Bad Op-Ed, Good Social Science?

There was a piece in today's NYT that attracted the ire of my twitter friends who are veterans/care about veterans: it associated white supremacists with the US military.  Ouch.  The piece itself presented some broad generalizations that are pretty problematic  (as explained well here), but it raised a question that I do think is worth thinking about: what role does the US military play in the development of white supremacist movements in the US?

I am not saying all vets or most vets or even some vets are radicalized by war and become crazy, racist criminals/terrorists.  What I am curious about is:
  • whether military experience is over-represented in the white supremacist movement(s), 
  • whether future supremacists join the military to gain skills that they intend to deploy as part of the movement, 
  • whether young white folks who have no experience of "others" become more radicalized once they interact with perhaps the most integrated workforce in the U.S.--the US armed forces,
  • whether the military serves as a networking experience.
Lots of ink has been spilled over the various webs that connect Islamist extremists, but much less attention has been directed to white supremacists who have killed many, many Americans (some say the KKK has killed more Americans than Al Qaeda has).  

To be clear, in my one year at the Pentagon, I was amazed at how diverse the workforce there was, and it remains the most integrated of any workplace I have ever experienced.  I do not think that the military or war causes many people to become white supremacists, but we do have examples of former military folks becoming terrorists--Timothy McVeigh comes to mind.

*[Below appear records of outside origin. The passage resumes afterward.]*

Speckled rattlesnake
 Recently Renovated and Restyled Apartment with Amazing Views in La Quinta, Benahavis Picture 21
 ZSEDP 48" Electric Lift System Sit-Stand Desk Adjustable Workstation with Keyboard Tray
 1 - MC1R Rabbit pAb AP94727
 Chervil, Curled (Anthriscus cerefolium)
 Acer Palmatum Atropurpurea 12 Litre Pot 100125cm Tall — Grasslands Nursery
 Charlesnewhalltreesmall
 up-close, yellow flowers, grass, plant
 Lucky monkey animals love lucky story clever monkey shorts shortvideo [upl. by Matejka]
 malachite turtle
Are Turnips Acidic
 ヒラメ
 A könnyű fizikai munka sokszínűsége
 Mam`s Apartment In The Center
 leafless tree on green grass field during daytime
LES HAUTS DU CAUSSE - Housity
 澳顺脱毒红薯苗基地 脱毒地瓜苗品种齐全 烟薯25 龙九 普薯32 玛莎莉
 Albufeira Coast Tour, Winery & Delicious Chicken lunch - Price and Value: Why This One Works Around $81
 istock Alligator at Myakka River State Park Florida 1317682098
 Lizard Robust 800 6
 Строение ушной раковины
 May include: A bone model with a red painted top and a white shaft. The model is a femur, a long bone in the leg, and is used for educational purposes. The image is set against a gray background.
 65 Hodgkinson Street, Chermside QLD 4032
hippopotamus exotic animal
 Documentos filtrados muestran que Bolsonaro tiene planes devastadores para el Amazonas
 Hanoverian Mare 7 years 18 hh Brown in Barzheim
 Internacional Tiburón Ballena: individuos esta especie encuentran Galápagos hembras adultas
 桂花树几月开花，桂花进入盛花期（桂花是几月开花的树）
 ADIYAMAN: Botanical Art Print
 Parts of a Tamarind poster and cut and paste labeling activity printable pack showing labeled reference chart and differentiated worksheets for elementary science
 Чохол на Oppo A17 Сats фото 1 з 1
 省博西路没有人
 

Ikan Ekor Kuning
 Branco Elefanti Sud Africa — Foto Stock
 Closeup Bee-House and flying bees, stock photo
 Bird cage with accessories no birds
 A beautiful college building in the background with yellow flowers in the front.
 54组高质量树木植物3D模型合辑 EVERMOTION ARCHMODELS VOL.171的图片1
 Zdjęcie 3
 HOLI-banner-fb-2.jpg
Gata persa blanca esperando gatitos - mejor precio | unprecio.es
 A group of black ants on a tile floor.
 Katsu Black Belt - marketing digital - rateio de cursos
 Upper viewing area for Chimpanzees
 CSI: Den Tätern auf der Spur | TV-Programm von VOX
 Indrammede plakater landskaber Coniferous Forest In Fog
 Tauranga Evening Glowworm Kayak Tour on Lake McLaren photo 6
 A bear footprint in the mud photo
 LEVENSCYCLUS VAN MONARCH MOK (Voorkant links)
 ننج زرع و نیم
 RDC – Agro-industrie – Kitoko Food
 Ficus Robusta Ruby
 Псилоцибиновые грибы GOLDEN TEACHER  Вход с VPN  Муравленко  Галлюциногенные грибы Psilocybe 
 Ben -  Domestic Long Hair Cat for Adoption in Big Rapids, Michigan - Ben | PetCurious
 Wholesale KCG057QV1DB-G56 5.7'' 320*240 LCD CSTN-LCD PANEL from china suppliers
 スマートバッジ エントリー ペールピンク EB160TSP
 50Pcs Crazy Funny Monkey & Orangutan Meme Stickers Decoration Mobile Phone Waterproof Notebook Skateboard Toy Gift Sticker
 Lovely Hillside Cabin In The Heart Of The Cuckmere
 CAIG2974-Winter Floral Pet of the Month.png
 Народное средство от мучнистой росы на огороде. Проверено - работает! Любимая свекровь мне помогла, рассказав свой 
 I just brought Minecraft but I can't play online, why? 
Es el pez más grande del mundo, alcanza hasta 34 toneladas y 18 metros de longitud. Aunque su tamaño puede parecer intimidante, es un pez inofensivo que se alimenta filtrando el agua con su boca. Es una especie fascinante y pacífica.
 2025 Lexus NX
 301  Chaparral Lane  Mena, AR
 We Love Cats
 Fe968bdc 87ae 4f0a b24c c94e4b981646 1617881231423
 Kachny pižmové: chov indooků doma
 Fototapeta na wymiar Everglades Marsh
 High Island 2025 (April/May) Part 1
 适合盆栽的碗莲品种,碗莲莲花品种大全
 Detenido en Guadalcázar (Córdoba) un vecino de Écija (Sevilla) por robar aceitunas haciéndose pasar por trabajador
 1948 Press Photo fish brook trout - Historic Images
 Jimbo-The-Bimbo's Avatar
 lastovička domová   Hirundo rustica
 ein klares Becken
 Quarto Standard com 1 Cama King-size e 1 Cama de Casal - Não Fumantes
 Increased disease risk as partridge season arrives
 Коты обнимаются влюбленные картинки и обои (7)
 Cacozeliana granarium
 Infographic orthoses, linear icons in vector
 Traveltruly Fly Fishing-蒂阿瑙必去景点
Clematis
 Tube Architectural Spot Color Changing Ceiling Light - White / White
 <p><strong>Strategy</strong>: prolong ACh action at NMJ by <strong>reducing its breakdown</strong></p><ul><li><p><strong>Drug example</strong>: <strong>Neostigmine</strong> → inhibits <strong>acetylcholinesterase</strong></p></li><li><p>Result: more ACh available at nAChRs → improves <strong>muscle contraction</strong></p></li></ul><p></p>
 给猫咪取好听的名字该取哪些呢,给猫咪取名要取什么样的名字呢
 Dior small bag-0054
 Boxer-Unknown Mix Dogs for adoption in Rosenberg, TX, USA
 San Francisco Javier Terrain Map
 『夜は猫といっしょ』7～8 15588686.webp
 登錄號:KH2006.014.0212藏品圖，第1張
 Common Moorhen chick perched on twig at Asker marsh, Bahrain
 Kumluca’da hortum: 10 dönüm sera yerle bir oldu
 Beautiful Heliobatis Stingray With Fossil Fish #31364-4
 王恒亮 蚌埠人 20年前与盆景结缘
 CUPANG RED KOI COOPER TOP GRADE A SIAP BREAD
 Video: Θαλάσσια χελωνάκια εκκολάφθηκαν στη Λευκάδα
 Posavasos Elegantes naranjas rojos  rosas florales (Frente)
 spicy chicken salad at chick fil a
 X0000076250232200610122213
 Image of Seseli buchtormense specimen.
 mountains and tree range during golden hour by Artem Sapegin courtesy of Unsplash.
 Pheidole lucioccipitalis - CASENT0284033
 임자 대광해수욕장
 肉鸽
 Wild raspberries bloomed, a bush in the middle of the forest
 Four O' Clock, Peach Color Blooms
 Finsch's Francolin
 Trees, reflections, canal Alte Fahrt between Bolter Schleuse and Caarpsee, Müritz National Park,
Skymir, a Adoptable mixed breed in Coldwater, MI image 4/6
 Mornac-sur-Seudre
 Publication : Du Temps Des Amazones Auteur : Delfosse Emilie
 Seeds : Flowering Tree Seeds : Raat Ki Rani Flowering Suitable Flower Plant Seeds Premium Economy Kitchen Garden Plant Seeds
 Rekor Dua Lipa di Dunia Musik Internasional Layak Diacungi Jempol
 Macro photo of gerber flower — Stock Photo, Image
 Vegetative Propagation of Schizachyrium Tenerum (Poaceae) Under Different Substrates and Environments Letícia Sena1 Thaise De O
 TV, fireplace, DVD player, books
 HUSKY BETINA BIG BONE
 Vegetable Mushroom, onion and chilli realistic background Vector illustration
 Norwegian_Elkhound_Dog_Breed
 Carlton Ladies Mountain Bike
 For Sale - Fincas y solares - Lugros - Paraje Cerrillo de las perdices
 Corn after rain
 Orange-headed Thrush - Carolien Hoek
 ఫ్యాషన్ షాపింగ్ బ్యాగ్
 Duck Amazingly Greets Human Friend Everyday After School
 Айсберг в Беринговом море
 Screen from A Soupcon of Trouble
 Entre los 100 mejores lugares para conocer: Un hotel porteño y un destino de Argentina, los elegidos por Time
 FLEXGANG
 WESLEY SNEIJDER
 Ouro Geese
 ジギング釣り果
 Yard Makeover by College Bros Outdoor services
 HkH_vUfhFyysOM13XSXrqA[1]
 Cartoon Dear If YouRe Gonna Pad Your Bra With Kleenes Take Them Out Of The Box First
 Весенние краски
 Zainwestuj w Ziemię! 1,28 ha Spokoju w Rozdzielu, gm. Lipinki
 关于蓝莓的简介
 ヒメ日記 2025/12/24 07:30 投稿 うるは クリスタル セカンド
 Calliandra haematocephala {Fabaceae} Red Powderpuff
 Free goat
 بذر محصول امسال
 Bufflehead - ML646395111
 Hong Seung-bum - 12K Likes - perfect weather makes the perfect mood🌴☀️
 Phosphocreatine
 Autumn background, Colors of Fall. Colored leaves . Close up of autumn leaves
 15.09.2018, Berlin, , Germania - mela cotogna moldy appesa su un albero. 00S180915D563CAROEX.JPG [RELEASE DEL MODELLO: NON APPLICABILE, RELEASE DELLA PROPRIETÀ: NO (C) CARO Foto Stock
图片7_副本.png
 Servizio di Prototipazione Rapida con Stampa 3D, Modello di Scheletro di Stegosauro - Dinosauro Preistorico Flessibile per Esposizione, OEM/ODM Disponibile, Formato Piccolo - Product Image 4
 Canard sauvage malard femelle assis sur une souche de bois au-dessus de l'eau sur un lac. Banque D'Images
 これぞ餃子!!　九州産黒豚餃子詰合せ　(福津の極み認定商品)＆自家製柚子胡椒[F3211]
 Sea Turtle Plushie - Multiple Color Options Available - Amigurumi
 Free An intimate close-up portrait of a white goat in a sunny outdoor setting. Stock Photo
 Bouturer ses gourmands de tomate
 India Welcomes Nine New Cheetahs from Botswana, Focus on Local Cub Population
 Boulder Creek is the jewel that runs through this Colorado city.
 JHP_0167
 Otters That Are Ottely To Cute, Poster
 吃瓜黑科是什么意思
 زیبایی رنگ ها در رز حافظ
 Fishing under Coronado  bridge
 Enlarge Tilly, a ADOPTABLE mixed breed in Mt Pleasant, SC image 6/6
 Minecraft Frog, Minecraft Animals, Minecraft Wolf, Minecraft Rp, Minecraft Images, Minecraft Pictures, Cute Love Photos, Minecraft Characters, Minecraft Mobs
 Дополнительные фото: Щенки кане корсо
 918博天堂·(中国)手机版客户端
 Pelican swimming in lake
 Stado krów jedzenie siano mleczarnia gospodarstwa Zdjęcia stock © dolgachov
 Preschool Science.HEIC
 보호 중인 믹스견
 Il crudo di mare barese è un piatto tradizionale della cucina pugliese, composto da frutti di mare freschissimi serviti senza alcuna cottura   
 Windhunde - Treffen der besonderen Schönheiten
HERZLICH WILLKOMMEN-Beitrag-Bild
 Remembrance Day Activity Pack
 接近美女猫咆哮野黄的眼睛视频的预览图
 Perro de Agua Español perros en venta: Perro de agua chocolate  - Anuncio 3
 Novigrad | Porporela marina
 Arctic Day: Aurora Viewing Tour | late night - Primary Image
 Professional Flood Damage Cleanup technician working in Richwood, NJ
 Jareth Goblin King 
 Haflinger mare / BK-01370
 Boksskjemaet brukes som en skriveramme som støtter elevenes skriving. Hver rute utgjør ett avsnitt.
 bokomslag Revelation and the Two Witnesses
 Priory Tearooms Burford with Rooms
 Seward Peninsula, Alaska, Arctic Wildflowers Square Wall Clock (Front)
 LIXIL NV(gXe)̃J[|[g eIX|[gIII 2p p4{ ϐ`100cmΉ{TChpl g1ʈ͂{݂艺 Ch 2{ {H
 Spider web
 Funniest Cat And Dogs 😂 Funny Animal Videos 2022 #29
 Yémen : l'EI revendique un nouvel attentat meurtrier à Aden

I am not a military sociologist so I do not know what has been done in this area, but I would imagine that some folks react to the military experience in ways that are not so positive.  It may or may not have anything to do with combat.  The twitter discussion today produced several testable hypotheses--can we assess whether white supremacists are more or less likely than the average American of the same race/class/background to have military experience?  To have combat experience?  I have no idea, but it is something that we should consider even as we ought not generalize and consider all veterans to be potential extremists.

1 comment:

  1. I tend to think one should first try to test a general hypothesis and then narrow it down. For example: Are individuals who have joined militant organisations as likely to be veterans as in the general population? (With all the appropriate definition of terms) Patriotism is clearly part of the ideology of some of the white supremacist organisations. The questions you're interested in seems to lead toward examining that connection. However there may be an explanation that takes priority - something more general that could apply to other ideological groups.